Ça chauffe à Renault Cléon avec plus de 700 grévistes ce mardi 12 octobre, entre rassemblements et débrayages de 1h30, la mobilisation a clairement fait un saut depuis les dernières actions du 4 octobre, qui rassemblaient déjà 500 grévistes à l'appel de la CGT et la CFDT.

Crise économique

Crédits photo : CGT Cléon

En effet, le nouveau projet d’accord de compétitivité qui va massacrer les emplois ne passe pas chez les salariés de l’usines du géant automobile : 15 000 postes sur le groupe Renault dont 4600 en France sont visés, sur le site de Cléon, en plus des attaques, l’ingénierie est particulièrement touchée, la direction veut imposer 1300 suppression de postes. Mais cela va plus loin puisqu’il y aura également la possibilité d’allongement obligatoire du temps de travail d’une heure tous les jours, en cas de panne ou d’autre problèmes qui empêchent de la production de se réaliser « normalement ». De plus, la direction pourrait renvoyer les salariés chez eux sans délai de prévenance et avec une obligation de récupérer plus tard. S’ajoute à cela la possibilité de positionner 8 samedis obligatoires par ans, la pause de 20 minutes qui était rémunérée ne le sera plus pour les intérimaires. Enfin, pour les nouveaux embauchés, une perte de 82 euros.
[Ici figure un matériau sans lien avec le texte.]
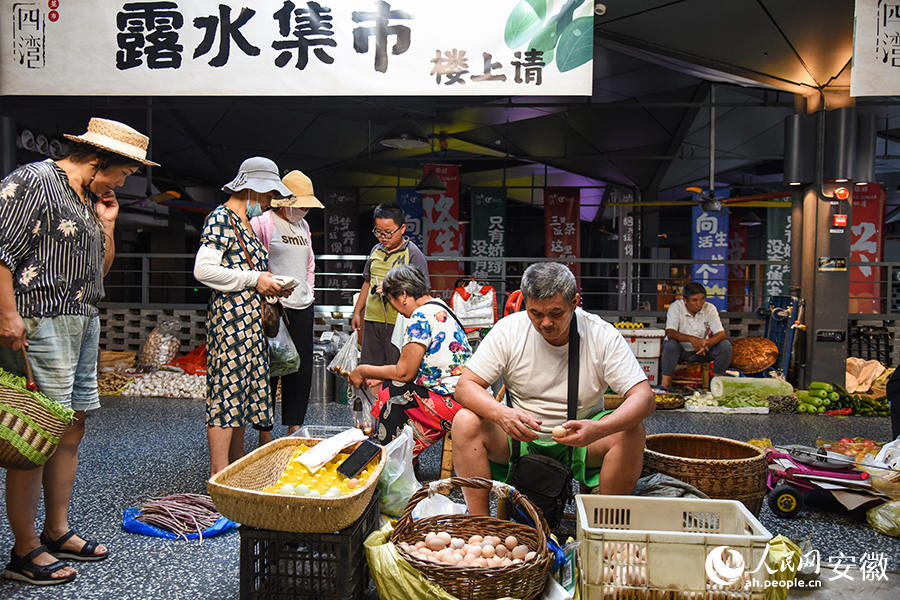 顧客在挑選購買菜品。人民網 李希蒙攝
Comme le souligne le militant CGT Pascal le Manach : « La direction tente une vraie entourloupe avec la suppression du paiement de la pause de 20 minutes quotidienne, ça représente 7 heures par mois. La direction veut transformer les 20 minutes de pause en prime accessoire qui diminuerait à chaque augmentation. C’est le blocage total de toute augmentation pour les salariés et pour les futur embauchés et les intérimaires, leur rémunération sera diminuée de 4,5 %  »
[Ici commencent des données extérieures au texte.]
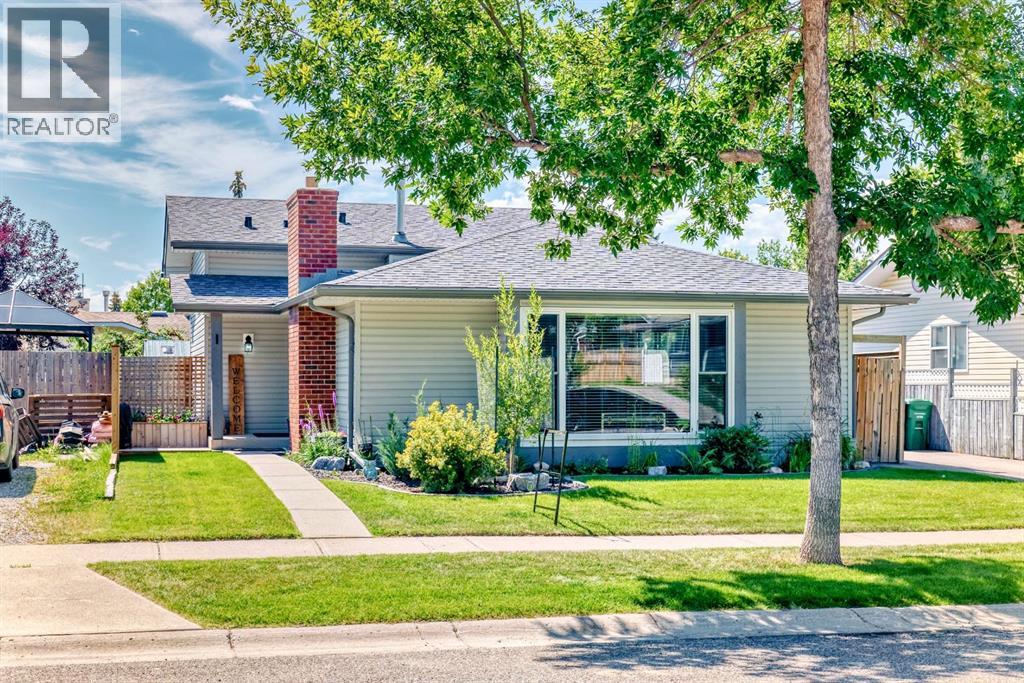 316 Banister Dr, Okotoks, AB T1S 1E4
Cette violence des attaques, dans les ateliers, Pascal Le Manach l’explique très bien : « dans les usines, vouloir imposer un accroissement violent de la flexibilité et un blocage des salaires et une baisse de la rémunération des heures supplémentaire est intolérable pour les travailleurs ». C’est une véritable déclaration de guerre contre l’ensemble de la classe ouvrière, alors que dans un même temps, Renault fait 10 milliards de bénéfice en 2021 et PSA en fait 6 milliards en 6 mois. C’est largement de quoi augmenter les salaires et embaucher les intérimaires qui sont plus de 800 à Cléon.
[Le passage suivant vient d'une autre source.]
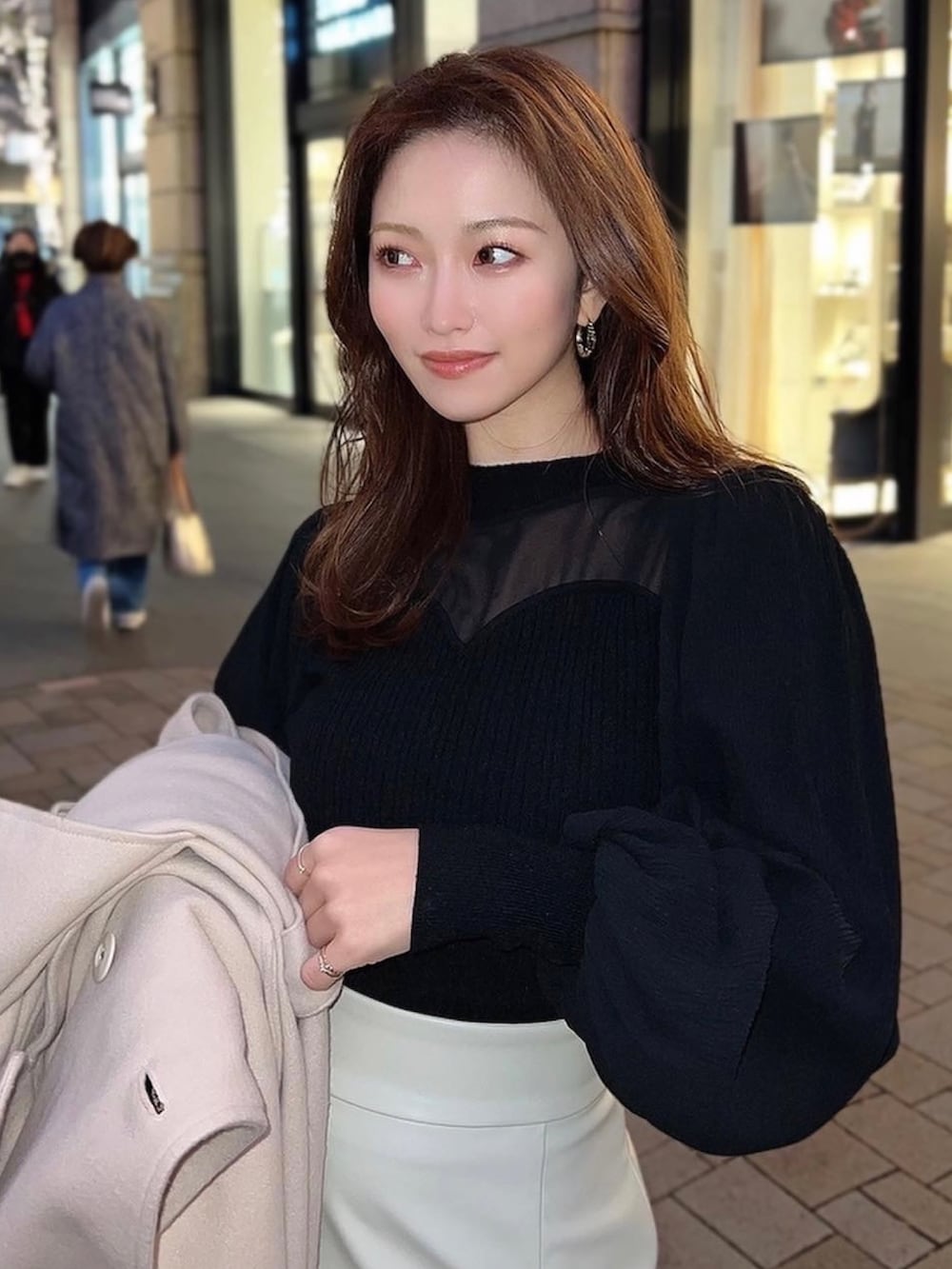 ブラック系のニット/セーターを着用したレディースの冬コーディネートの2枚目の写真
A Cléon, la perspective de l’usine sœur de Flins reste en tête, la fermeture du site est inacceptable au vu des profits qui explosent. Mais c’est pour cela qu’à Renault Cléon, les travailleurs donnent le ton, comme ailleurs des mobilisations dans d’autres sites de production sont prévus, comme les ouvriers du Mans qui se mobilisent d’ores et déjà. La direction cherchant à imposer ces accords sur l’ensemble des sites, la mobilisation pourrait s’étendre encore.

Des actions qui s’amplifient et des méthodes démocratiques

C’est directement dans les ateliers de Cléon, que les travailleurs ont manifesté ce mardi, avec des slogans qui affirmaient clairement le refus de se faire bouffer par le patronat mais aussi le gouvernement : « non aux salaires bloqués, au contraire il faut les augmenter ! », « c’est pas à Billancourt, c’est pas dans les salons, qu’on obtiendra satisfaction », ou encore « c’est par la lutte, c’est par l’action qu’on obtiendra satisfaction ». Le tout en se donnant rendez-vous la semaine prochaine, pour une autre journée de mobilisation, qui devra être encore plus forte.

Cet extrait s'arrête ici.